[Opening AVAILABLE DATA section]

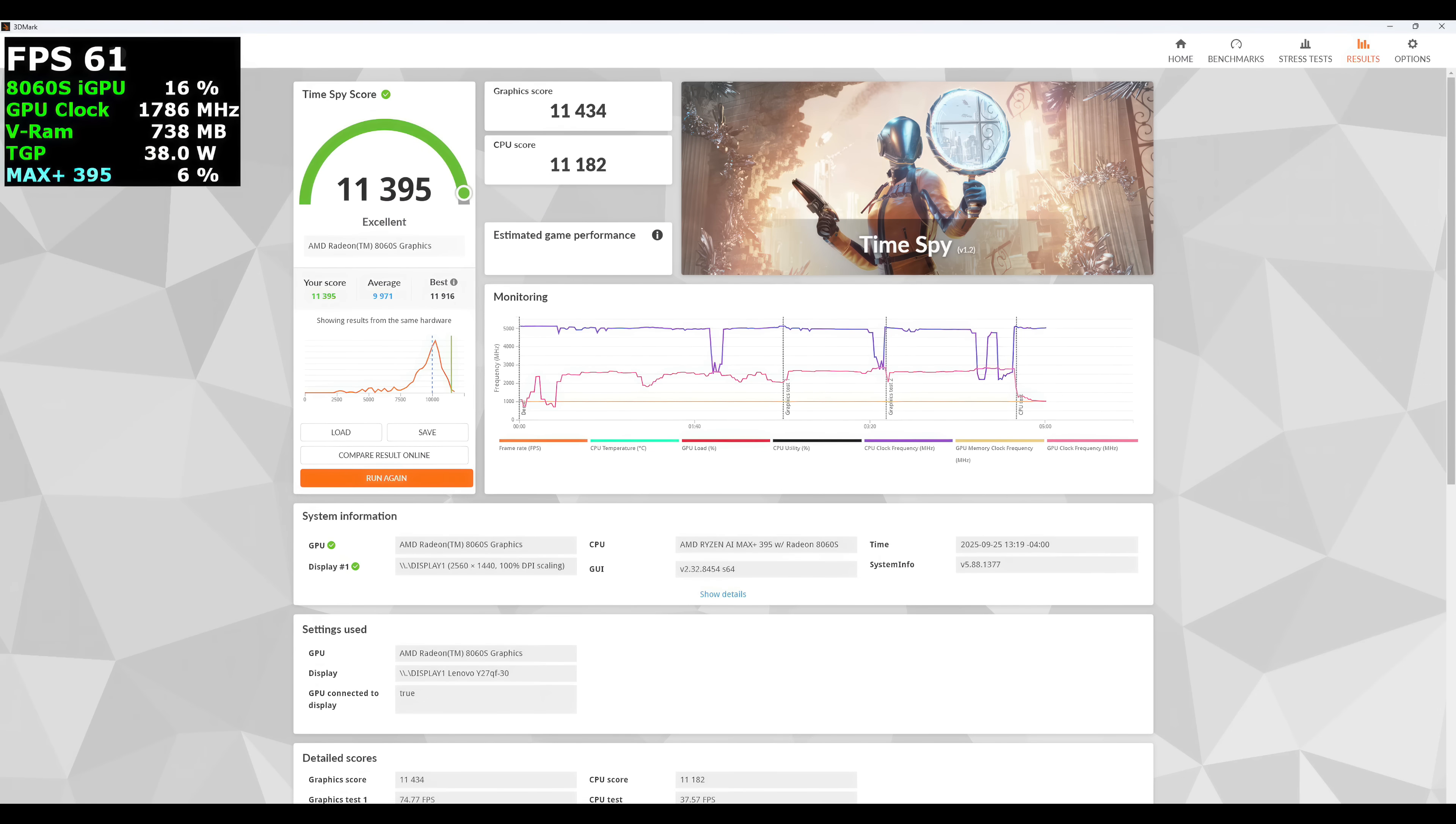I also wanted to run at least one benchmark on this iGPU, so I went with 3DMark Time Spy. This has definitely fallen right in line with other Max Plus 395 powered systems. We're up to 11,395 total score, 11,434 on the graphics score.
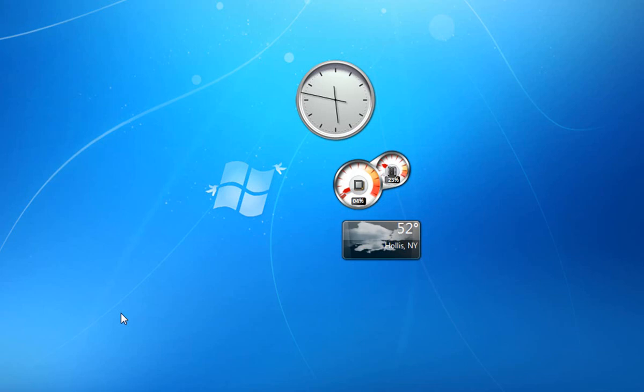Quick follow-up guys: all of the themes and links that I downloaded and showed you where to get — all credit goes to PCProKid7.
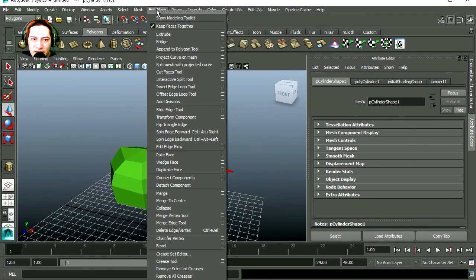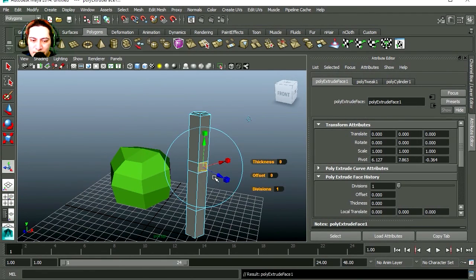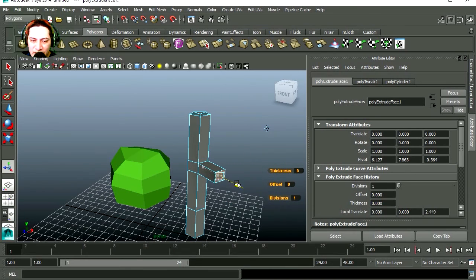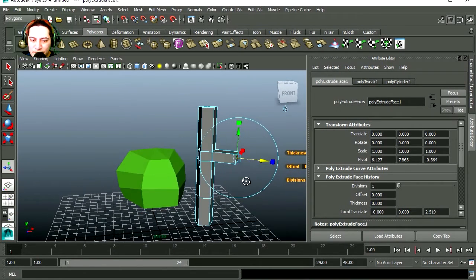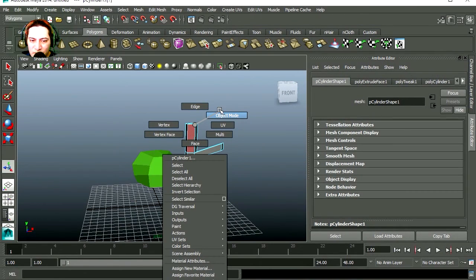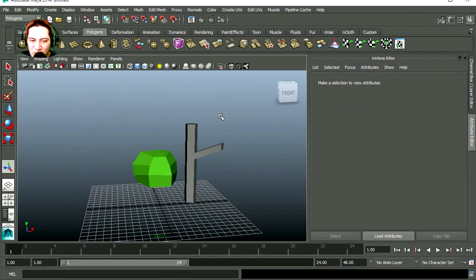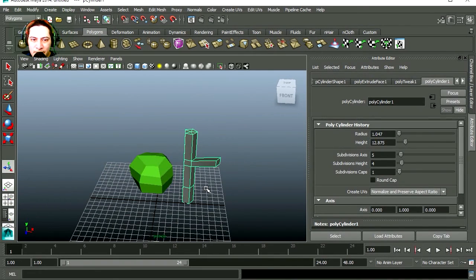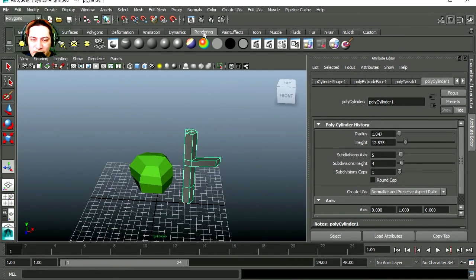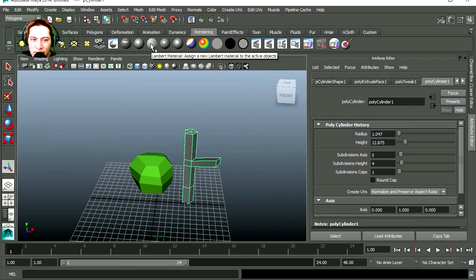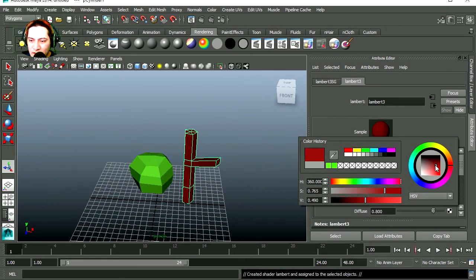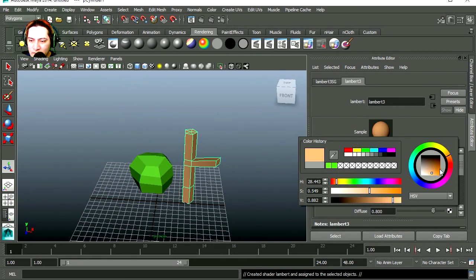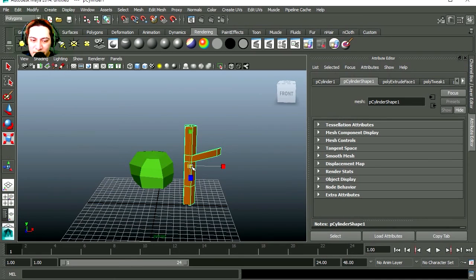Let's extrude this, extrude out. Switch back to object mode and let's color this. Rendering, let's apply Lambert and let's make this brown. Let's make it smaller.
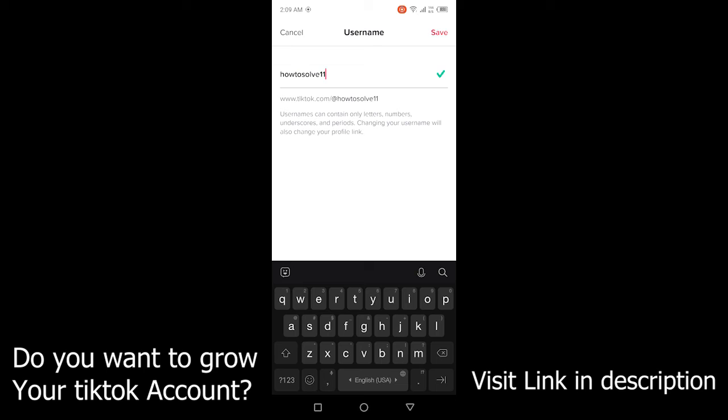So by following these steps, you can easily change your username on TikTok without waiting for 30 days. I hope you find this video helpful. If you find this video helpful, must like this video.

[Closing AVAILABLE DATA section]

> _PROBLEM DESCRIPTION_:
Starting at the line that contains "Quick follow-up guys: all", transcribe every line through the end of the listing exactly, including both end lines and excluding pictures.

> _TASK ANSWER_:
Quick follow-up guys: all of the themes and links that I downloaded and showed you where to get — all credit goes to PCProKid7.
Let's extrude this, extrude out. Switch back to object mode and let's color this. Rendering, let's apply Lambert and let's make this brown. Let's make it smaller.
So by following these steps, you can easily change your username on TikTok without waiting for 30 days. I hope you find this video helpful. If you find this video helpful, must like this video.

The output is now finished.